The chromatic number of a graph is the minimal number of colors needed to color it. This is ⊤ (infinity) iff G isn't colorable with finitely many colors.

If G is colorable, then ENat.toNat G.chromaticNumber is the ℕ-valued chromatic number.

Equations

• SimpleGraph.chromaticNumber G = ⨅ n ∈ setOf (SimpleGraph.Colorable G), ↑n

theorem SimpleGraph.chromaticNumber_eq_biInf {V : Type u} {G : SimpleGraph V} : SimpleGraph.chromaticNumber G = ⨅ n ∈ setOf (SimpleGraph.Colorable G), ↑n

theorem SimpleGraph.chromaticNumber_eq_iInf {V : Type u} {G : SimpleGraph V} : SimpleGraph.chromaticNumber G = ⨅ (n : ↑{m : ℕ | SimpleGraph.Colorable G m}), ↑↑n

theorem SimpleGraph.Colorable.chromaticNumber_eq_sInf {V : Type u} {G : SimpleGraph V} {n : ℕ} (h : SimpleGraph.Colorable G n) : SimpleGraph.chromaticNumber G = ↑(sInf {n' : ℕ | SimpleGraph.Colorable G n'})

def SimpleGraph.recolorOfEmbedding {V : Type u} (G : SimpleGraph V) {α : Type u_1} {β : Type u_2} (f : α ↪ β) : SimpleGraph.Coloring G α ↪ SimpleGraph.Coloring G β

Given an embedding, there is an induced embedding of colorings.

Equations

• One or more equations did not get rendered due to their size.

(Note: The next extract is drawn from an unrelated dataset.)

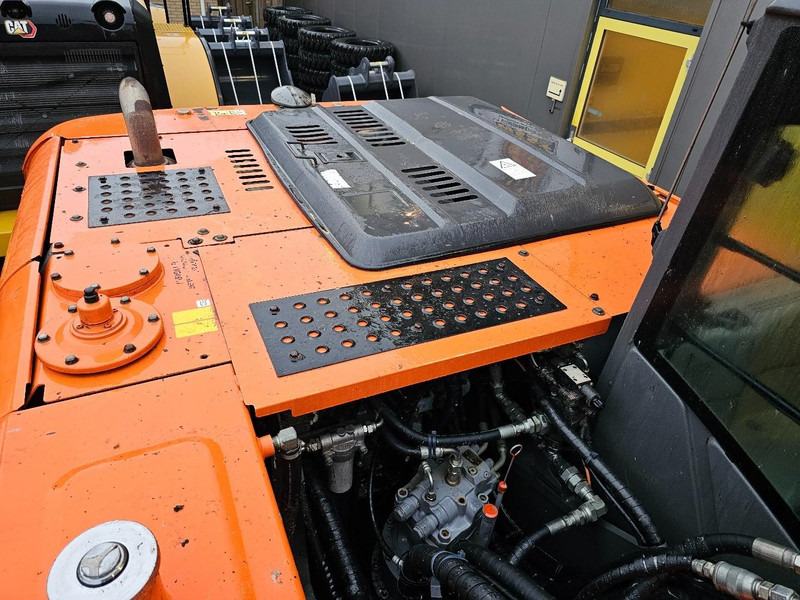 Excavator Hitachi ZX210LCN-3: picture 13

def SimpleGraph.recolorOfEquiv {V : Type u} (G : SimpleGraph V) {α : Type u_1} {β : Type u_2} (f : α ≃ β) : SimpleGraph.Coloring G α ≃ SimpleGraph.Coloring G β

Given an equivalence, there is an induced equivalence between colorings.

Equations

• One or more equations did not get rendered due to their size.

noncomputable def SimpleGraph.recolorOfCardLE {V : Type u} (G : SimpleGraph V) {α : Type u_1} {β : Type u_2} [Fintype α] [Fintype β] (hn : Fintype.card α ≤ Fintype.card β) : SimpleGraph.Coloring G α ↪ SimpleGraph.Coloring G β

There is a noncomputable embedding of α-colorings to β-colorings if β has at least as large a cardinality as α.

Equations

• SimpleGraph.recolorOfCardLE G hn = SimpleGraph.recolorOfEmbedding G (Nonempty.some ⋯)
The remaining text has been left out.